По Рэдклифф-Брауну, сердцевиной этой целокупности является «центр местного тотема», и во многих случаях можно увидеть прямую связь — «сопричастность», пользуясь выражением Леви-Брюля, — между центрами тотемов и мифологическими персонажами, жившими в начале времени и тогда же сотворившими центры тотемов. Именно в этих священноявленных местах были сделаны главные Откровения; именно здесь человек был научен кормить себя и пополнять свои пищевые запасы. И все связанные с пищей обряды, исполняемые в священном месте, в центре тотема, — это просто имитация и повторение того, что делали in illo tempore мифические существа. «Так бандикуты, опоссумы, рыбы и пчелы были вырваны из своих гнезд героями древних (bugari) времен»[1445].

Само понятие священного места включает в себя идею повторения древней иерофании, благодаря которой оно выделилось, отделилось от окружающего профанного пространства и тем самым было освящено В следующей главе я покажу, что в основе понятия священного времени лежит та же идея повторения. На самом деле это основа бесчисленных ритуальных систем и вообще веры религиозных людей в спасение. Святое место остается таковым, потому что иерофания, некогда осенившая его, имеет перманентную природу. Вот почему для пополнения своей энергии и жизненной силы представители одного из боливийских племен отправляются в то место, которое считают колыбелью своих предков[1446]. Таким образом, иерофания не просто преображает в священный данный сегмент ничем не примечательного профанного пространства — своей силой она поддерживает в нем эту святость. Именно здесь, в этом месте, иерофания повторяется. Именно поэтому место становится неиссякаемым источником энергии и святости, наделяя ими любого человека, даже просто находящегося здесь, и поддерживая его связь со священным. Целые ритуальные системы, нередко сложные и разветвленные, покоятся на том простом факте, что, становясь сценой иерофании, данное место приобретает свойство святости. Что бы из себя ни представляли эти священные пространства, у них есть одна общая черта — четкие границы, внутри которых можно соприкоснуться (хотя и во множестве различных форм) со священным.
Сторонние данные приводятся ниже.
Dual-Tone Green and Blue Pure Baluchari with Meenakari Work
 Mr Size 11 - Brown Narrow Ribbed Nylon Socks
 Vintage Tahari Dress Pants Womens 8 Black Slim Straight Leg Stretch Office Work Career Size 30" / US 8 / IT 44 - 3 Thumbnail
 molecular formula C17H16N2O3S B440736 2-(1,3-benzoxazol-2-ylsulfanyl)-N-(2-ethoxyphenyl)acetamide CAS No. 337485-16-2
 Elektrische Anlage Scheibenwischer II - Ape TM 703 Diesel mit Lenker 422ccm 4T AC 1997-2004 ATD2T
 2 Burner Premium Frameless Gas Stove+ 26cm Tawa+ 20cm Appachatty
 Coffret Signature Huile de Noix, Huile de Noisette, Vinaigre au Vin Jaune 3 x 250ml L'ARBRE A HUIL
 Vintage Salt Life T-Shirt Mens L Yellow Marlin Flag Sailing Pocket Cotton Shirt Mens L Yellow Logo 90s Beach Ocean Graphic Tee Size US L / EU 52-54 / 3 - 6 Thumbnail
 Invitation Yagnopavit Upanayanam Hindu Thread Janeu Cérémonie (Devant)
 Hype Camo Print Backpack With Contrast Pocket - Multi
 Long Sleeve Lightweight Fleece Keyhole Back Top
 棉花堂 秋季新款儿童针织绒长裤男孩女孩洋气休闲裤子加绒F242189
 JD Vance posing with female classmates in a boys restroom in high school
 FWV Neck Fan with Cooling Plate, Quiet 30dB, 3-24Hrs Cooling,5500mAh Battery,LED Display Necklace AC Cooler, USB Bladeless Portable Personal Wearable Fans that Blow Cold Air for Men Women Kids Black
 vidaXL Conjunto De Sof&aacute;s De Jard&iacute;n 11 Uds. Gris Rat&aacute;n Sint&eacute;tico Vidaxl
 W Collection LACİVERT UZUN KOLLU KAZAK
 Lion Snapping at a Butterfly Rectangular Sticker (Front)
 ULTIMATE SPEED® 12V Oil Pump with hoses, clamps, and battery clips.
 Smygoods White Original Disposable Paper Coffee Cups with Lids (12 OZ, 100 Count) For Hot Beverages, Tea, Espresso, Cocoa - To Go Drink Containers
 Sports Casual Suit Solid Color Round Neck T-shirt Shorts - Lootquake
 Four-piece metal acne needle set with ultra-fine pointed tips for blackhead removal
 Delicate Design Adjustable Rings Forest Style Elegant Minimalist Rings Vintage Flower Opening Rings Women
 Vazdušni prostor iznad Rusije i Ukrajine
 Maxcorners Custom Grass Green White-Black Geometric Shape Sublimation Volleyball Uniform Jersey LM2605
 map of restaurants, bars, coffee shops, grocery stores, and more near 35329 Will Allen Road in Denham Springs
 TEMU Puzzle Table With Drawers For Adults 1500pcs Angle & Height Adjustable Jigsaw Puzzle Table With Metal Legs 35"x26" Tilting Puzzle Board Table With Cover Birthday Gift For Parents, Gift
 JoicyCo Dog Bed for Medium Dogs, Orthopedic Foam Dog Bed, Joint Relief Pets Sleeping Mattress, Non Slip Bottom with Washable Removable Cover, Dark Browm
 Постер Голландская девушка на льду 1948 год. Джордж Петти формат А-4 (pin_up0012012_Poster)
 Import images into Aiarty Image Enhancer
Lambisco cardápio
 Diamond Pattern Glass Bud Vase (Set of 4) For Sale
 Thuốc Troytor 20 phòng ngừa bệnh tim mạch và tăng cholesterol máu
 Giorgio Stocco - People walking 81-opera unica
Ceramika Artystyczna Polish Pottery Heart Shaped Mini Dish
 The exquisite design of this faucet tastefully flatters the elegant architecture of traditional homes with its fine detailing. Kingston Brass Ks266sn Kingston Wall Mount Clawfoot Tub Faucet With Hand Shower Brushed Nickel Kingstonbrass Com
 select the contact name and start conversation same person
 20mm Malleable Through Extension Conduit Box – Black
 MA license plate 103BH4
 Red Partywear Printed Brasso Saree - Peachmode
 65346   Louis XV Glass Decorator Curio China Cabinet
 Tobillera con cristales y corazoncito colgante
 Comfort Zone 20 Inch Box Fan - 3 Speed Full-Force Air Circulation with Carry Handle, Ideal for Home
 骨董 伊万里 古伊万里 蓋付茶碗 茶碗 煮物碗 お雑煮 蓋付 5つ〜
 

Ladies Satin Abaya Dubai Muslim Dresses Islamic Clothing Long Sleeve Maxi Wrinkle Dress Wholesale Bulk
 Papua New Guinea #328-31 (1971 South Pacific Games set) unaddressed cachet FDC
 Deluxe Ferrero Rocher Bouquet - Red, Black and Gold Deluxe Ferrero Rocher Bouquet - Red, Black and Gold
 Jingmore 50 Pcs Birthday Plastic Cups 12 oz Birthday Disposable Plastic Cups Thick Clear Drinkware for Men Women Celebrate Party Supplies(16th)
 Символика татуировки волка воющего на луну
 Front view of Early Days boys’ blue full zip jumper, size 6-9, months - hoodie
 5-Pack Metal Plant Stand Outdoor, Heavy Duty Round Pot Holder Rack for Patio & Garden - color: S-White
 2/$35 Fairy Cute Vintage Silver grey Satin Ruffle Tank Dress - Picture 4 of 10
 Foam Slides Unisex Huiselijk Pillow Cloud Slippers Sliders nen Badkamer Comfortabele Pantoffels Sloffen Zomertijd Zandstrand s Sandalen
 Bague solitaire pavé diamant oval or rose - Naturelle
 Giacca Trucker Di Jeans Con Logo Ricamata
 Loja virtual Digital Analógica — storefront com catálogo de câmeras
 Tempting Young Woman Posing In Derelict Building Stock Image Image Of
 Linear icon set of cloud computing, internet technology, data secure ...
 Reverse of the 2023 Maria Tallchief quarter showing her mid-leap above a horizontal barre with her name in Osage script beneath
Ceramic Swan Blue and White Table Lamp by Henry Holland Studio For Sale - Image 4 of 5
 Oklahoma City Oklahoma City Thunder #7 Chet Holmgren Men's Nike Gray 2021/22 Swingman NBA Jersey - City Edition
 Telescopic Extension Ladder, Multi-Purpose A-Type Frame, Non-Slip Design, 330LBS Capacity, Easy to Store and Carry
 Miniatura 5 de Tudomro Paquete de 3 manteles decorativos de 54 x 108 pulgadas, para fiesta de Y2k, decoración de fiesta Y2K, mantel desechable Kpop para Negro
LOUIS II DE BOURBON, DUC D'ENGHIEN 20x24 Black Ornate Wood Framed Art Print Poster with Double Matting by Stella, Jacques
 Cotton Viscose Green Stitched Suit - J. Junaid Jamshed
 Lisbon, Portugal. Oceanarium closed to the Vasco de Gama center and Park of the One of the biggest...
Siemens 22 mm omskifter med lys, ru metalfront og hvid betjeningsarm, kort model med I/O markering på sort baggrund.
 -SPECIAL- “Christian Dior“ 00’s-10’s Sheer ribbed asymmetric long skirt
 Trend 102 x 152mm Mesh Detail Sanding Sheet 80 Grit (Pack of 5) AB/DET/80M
Неизбывная святость этих мест объясняется непрерывностью иерофании. Не голод, не нужда заставляли австралийских аборигенов ходить в свои традиционные тайные места: в экономике, как заметил Элкин, они целиком полагались на белого человека с тех пор, как попали к нему в услужение[1447]. Чего они желали, так это сохранить свою мистическую связь с землей и со своими предками — основателями уклада племенной жизни. Эта потребность аборигенов сохранить контакт со священноявленными местами — чисто религиозного порядка; она была не чем иным, как потребностью не отдаляться от «центра», продуцирующего святость. Далеко не сразу и не легко лишились эти места своего значения — знания о них передавались наподобие фамильной драгоценности от племени к племени, от религии к религии. И нынешние христиане в той или иной форме поклоняются скалам, родникам, пещерам и лесам, которые были священными для доисторических людей. Поверхностный наблюдатель скажет, что это «суеверия» и доказательство того, что религиозная жизнь состоит по преимуществу из явлений, дошедших до нас из глубин истории. Однако на самом деле неискоренимость святых мест говорит об автономности иерофании: священное имеет свои собственные законы и свою собственную диалектику и является человеку извне. Если бы «выбор» святых мест оставался за самим человеком, их неискоренимости не было бы объяснения.